Yep. ssldump (http://www.rtfm.com/ssldump), for instance, will
do this.

> There was some question about whether this is possible for connections that
> use client-certs, since it looks to me from the spec that those connections
> should be using one of the Diffie Hellman cipher suites, which is obviously
> not vulnerable to a passive sniffing 'attack'.
Client certificates and DH key exchange are orthogonal. Client auth
looks just like non client auth SSL except that the client signs
some data with its private key and provides its certificate. In general
it has no effect on the keying material. It's true that there is a mode
where the shared key is derived from the client and server's DH shares
in their certificates (static DH) but to a first order it's never used.

> However, I was wondering why the implementors chose the construction used
> with the RSA suites, where the client PMS is encrypted with the server's
> public key and sent along - it seems to make this kind of escrowed passive
> sniffing very easy. I can't think why they didn't use something based on DH
> - sure you only authenticate one side of the connection, but who cares? Was
> it simply to save one setup packet?

The environment in which SSL was designed to operate was one where 
in general only the server would have a certificate. In this environment,
there are approximately three different approaches:

1. Use RSA as in the current approach.
2. Have the server's DH key in its certificate and the client generates
   a random DH key for each connection. 
3. Have the server generate a new DH key for each connection and 
   sign it with its long-term key.

Now, modes (1) and (2) both have the property that someone with the
server's private key can recover the connection plaintext (you only
need one of the DH shares to recover the shared DH key). Only mode
(3) has the property (called Perfect Forward Secrecy) that having
the long-term key doesn't let you get access to the plaintext.
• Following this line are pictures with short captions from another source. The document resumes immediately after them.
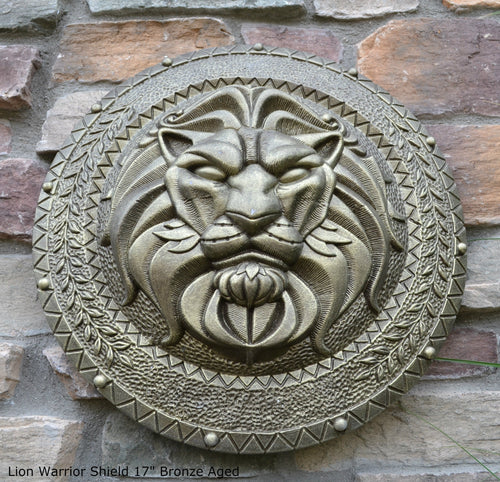 Roman Greek Lion Warrior Shield Sculpture Statue www.Neo-Mfg.com 17
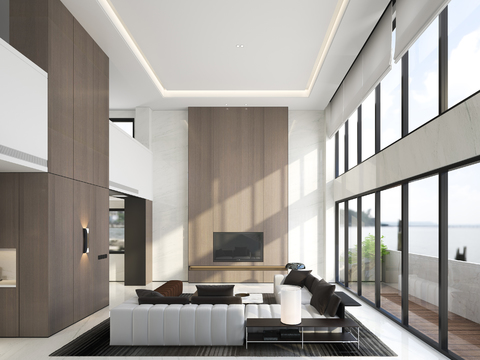  现代别墅大堂餐厅3d模型 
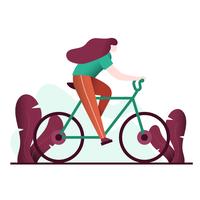 Illustration vectorielle de jeune femme vélo vecteur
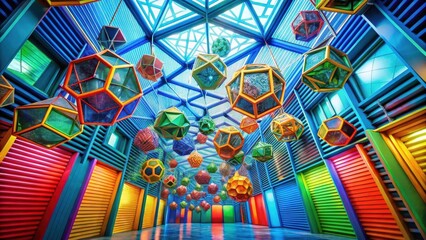 Vibrant Geometric Installation in a Colorful Architectural Space Featuring Suspended Prismatic Ornaments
SSL has all three of these modes, actually, so perhaps the question
you want to ask is why noone uses #3. The main argument against it is
that it's about half as fast (on the server) in the best case because
you need to do both a signature and a key exchange operation.
On the client it's *much* slower because RSA public-key encryption
is very fast (private-key decryption is much slower). 

For obvious reasons, the server operators want to minimize costs
on their side and since they're the ones who would be in a position
to mount this kind of attack, they're probably not overly concerned
about it. And since the users don't demand it...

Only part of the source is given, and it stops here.